Automated measurements of breast segmentation are becoming an essential process to the development of quantitative and reproducible imaging biomarkers. Background parenchymal enhancement has been suggested as a possible biomarker to assess breast cancer risk and for early prediction of neoadjuvant response. Manual processing is time consuming, prone to inter- and intra-rater reliability limitations, and therefore not practical for use as a regular clinical metric or for large-scale data imaging research. Background parenchymal enhancement represents the mean value of the initial enhancement of normal fibroglandular tissue, and because it represents an averaged value, requires only a large portion of tissue be segmented for accurate measurement. We have tested a method for automated breast tissue segmentation and assessed its performance using a pilot dataset.

In the IRB/HIPAA compliant study, breast tissue segmentation (Figure 1) was obtained using a coronal reformat of a pre-contrast MRI axial series resampled to a 1.0 mm³ isotropic voxel size. Image processing algorithms were applied using MATLAB and Statistics Toolbox Release 2012a (The MathWorks, Inc., Natick, Massachusetts, United States). Parallel imaging artifacts were eliminated and an initial tissue/air mask was obtained. The mask was traversed slice by slice from anterior to posterior and the number of 2D connected components in each slice was tracked. When the number of connected components dropped from 2 to 1 signaling that the sternal region was reached, an additional 1 cm band in the A/P direction was included and mask slices beyond that point were eliminated. The mask was then resampled into the original image matrix and b-splines were applied for manual editing using in-house software programmed in IDL (ITT Visual Information Solutions, Boulder, CO, USA).

The automated breast segmentation method was then applied to a test dataset of 49 patients with bilateral axial breast MRIs. These examinations were originally obtained in patients who received breast MRI to monitor neoadjuvant response. Two reviewers evaluated the segmented examinations qualitatively against the reference standard of manually drawn breast contours. Method accuracy was assessed if manual modification was required based on volume of breast tissue covered and extent of skin/chest wall inclusion to be sufficient for background parenchymal enhancement measurement.

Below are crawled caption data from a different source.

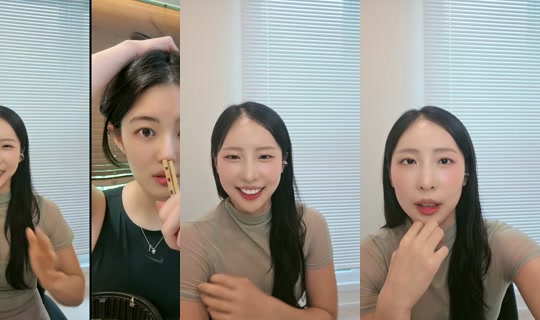 user4279873609771 TikTok Live — Aug 29, 2026, 5:33 AM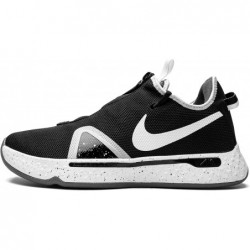 Nike PG 4 TB pour homme...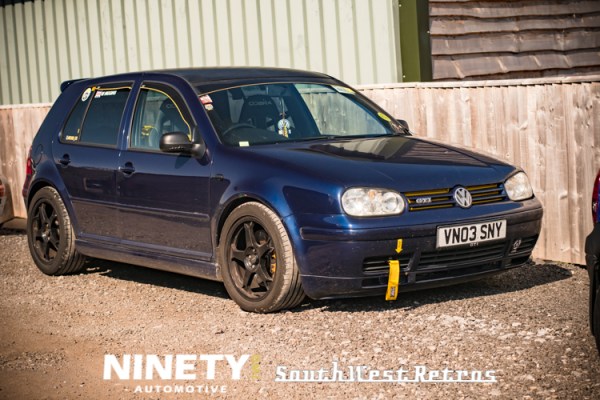 Digital Download - South West Retros Meet May 2024_042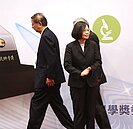 種電埋3地雷　誰放任掮客穿梭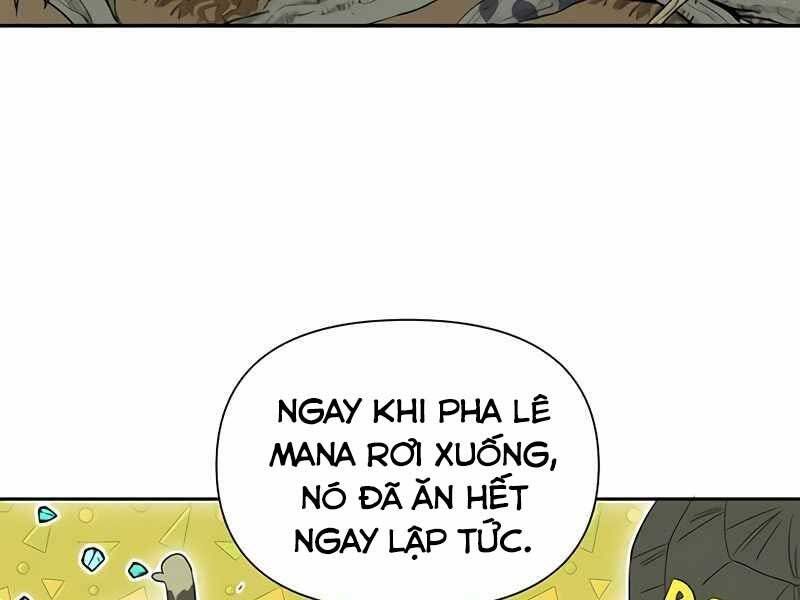 đọc truyện Những Ranker Cấp S Mà Tôi Nuôi Dưỡng Chương 50 ảnh 94 tại Thiên Thai Truyện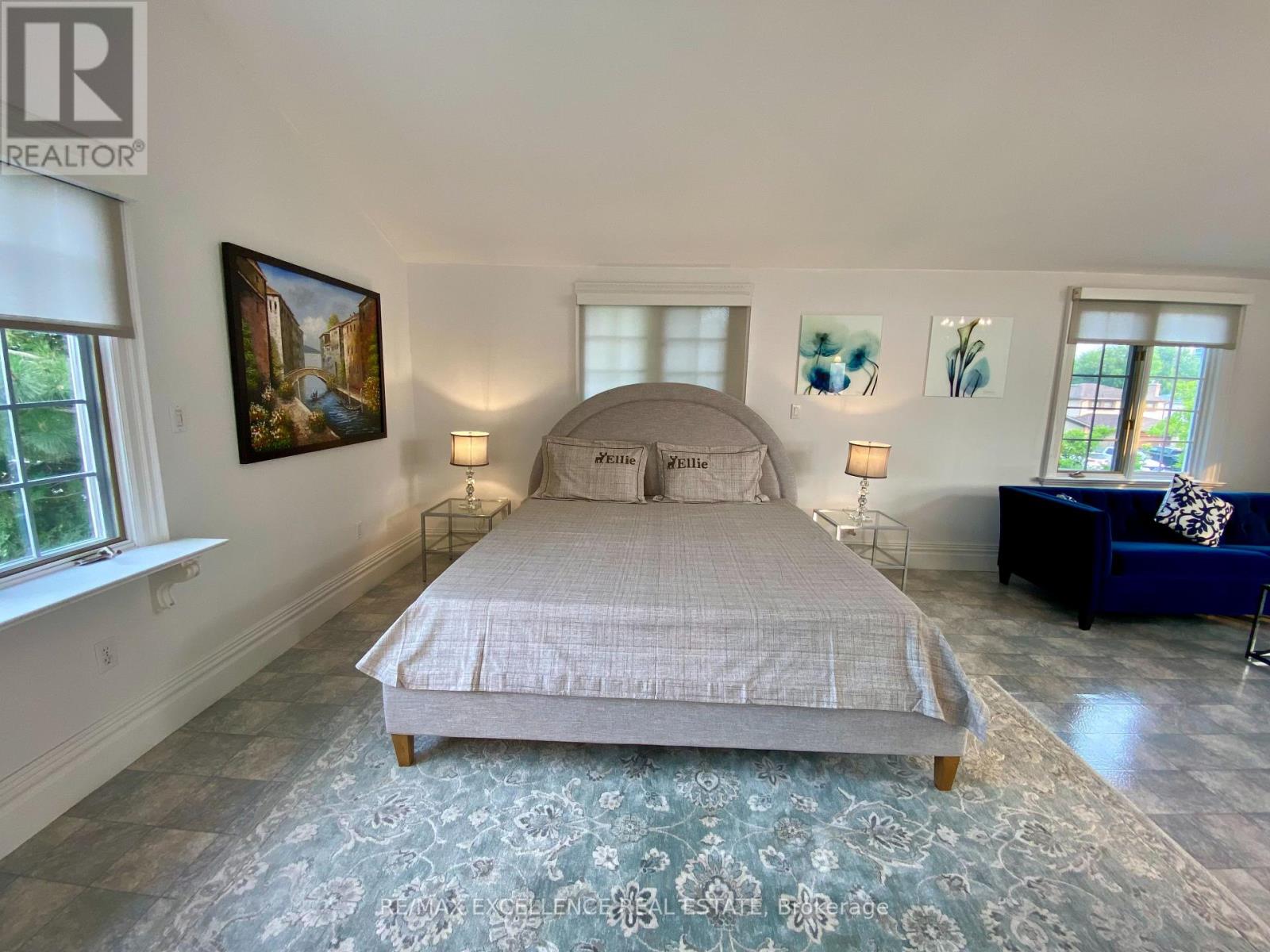Photo 31 of 485 Gowland Crescent, Milton ON
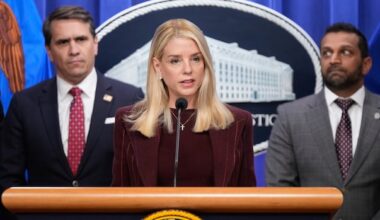 U.S. lays more charges, ups reward for Ryan Wedding, Canadian Olympian turned alleged drug lord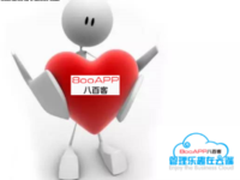 八百客论如何选择适合自己的CRM软件
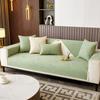 Polštářek na pohovku Four Seasons Univerzální Cenově dostupný Luxusní styl Opěradlo Ručník Moderní Polštář Špičkový Potah pohovky Látkový polštář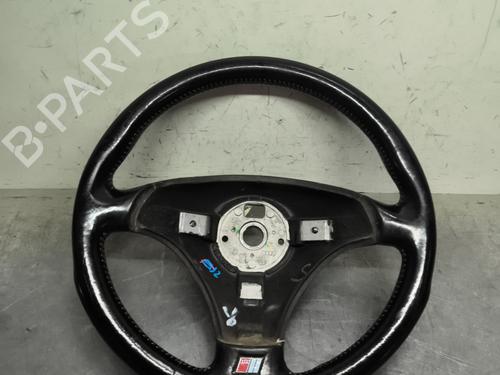 Used Steering wheel AUDI TT Roadster (8N9) 1.8 T (180 hp) 31872363
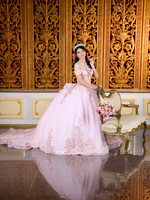 #8526 JOHANA GARCIA AESC5098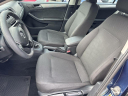 Thumbnail image of 2015 Volkswagen Jetta at CARS ON 15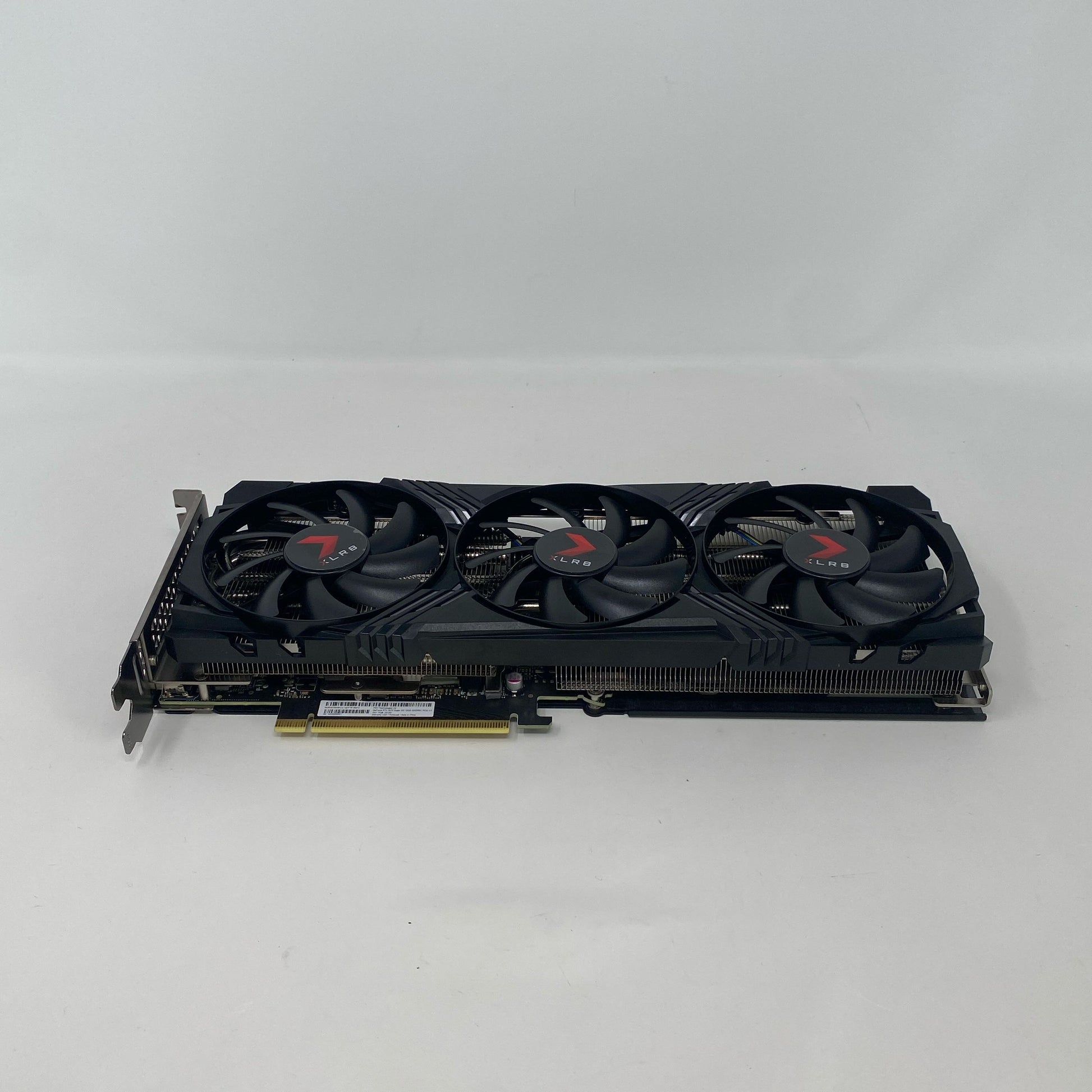 Front-LPNO553935747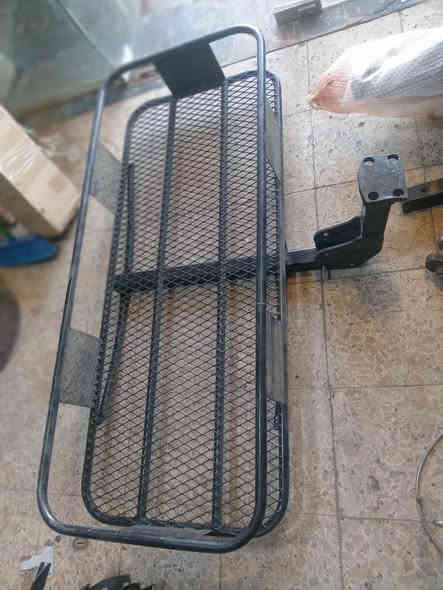 السلطان الموسوي البصره المرور القديمه جهات الجمهورية *********** *********** يوجد توصيل كافة المحافظات
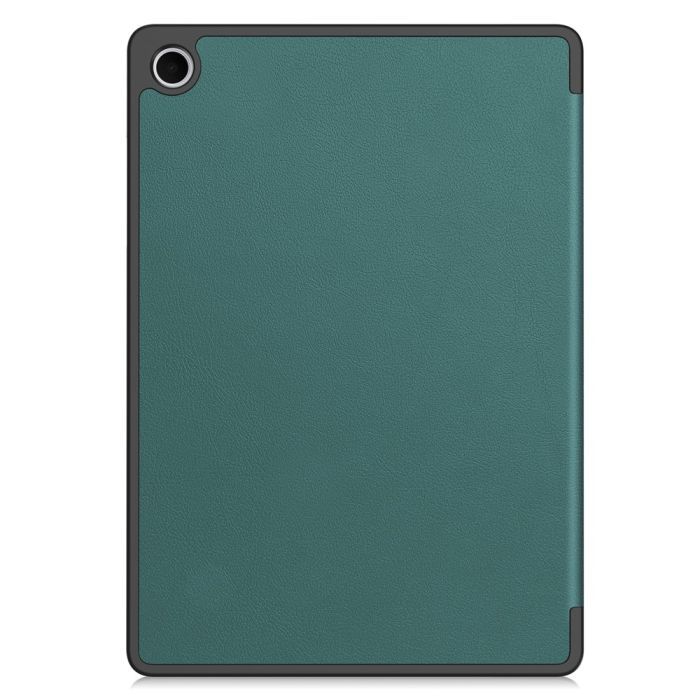 Чехол для планшета BeCover Flexible TPU Mate Samsung Galaxy Tab A11 SM-X133/X135 8.7" Purple (715588) изображение 3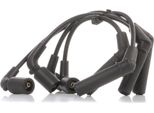 Stark SKIC-0030128 - Set Di Cavi Candela Oe 96288956 Per Aveo (T200), Aveo (T250, T255), Matiz (M200, M250), Spark (M200, M250)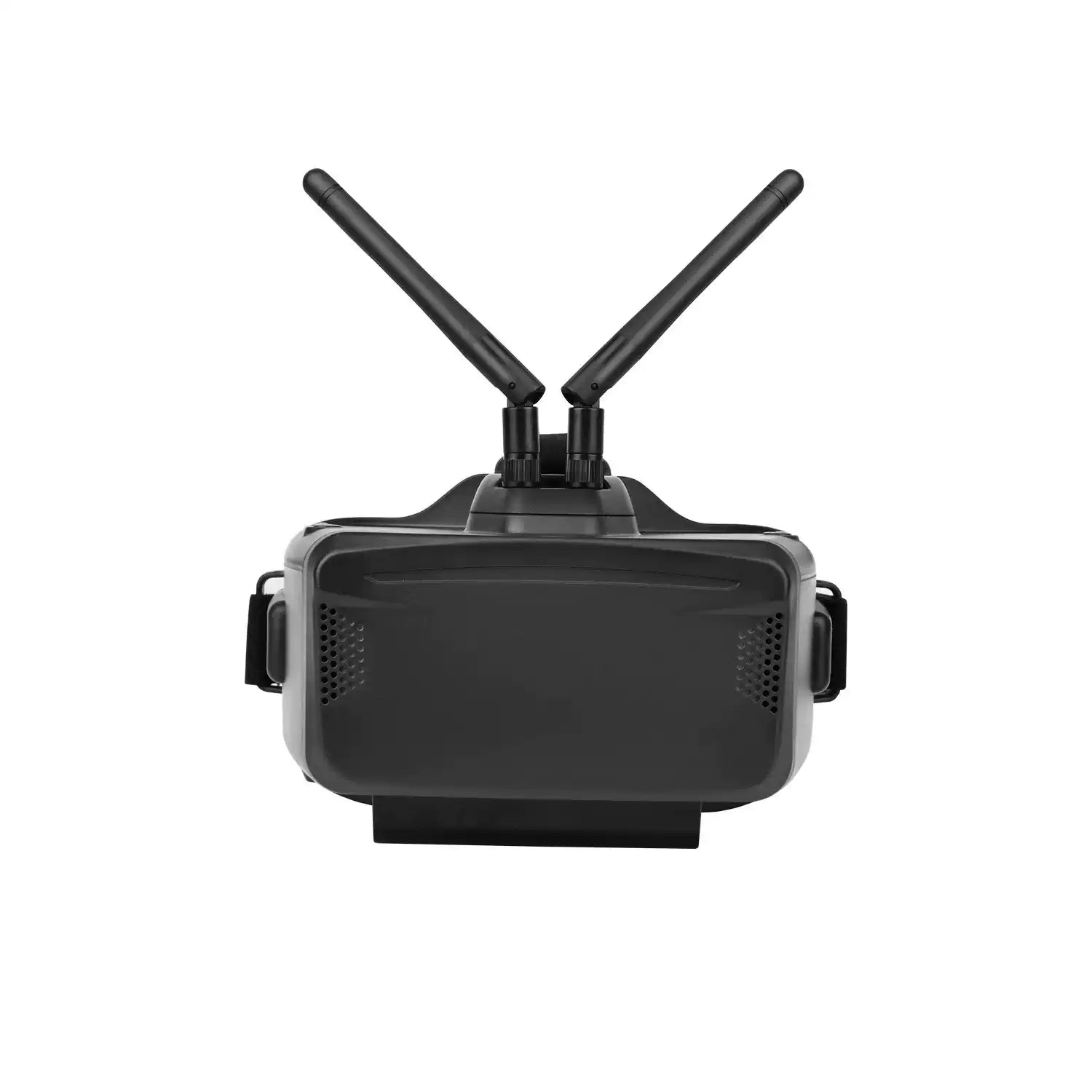 VR-CBX-V04 VR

Of the 49 examinations tested, 61% of patients had fibroglandular tissue successfully segmented that required no further modification in order to measure background parenchymal enhancement (e.g. Figure 2a). A further 13% had satisfactory breast segmentation that only required minimal manual modification. The final 26% required significant manual adjustment either due to segmenting <50% of breast tissue or including skin/chest wall (e.g. Figure 2b). Of those that required significant manual adjustment, most were due to inadequate breast volume covered and required adjustment of the b-splines to extend posteriorly to the chest wall. A single case with breast reconstruction and implants required the most significant adjustment. Overall, segmentation cases captured more of the extreme craniocaudal sections of the breast than was obtained by manual segmentation, but performed worse along the posterior segmentation boundary.

Initial results suggests that this automated segmentation method was successful in approximately 75% of bilateral breast MRI examinations in our pilot dataset requiring minimal to no manual correction. The method in its current form would likely characterize background parenchymal enhancement accurately, and improved upon manual segmentation by including the extreme craniocaudal sections of the breast. Future versions will focus on better characterization of the breast-chest wall boundary and optimization with non-symmetric breasts such as post-reconstruction patients.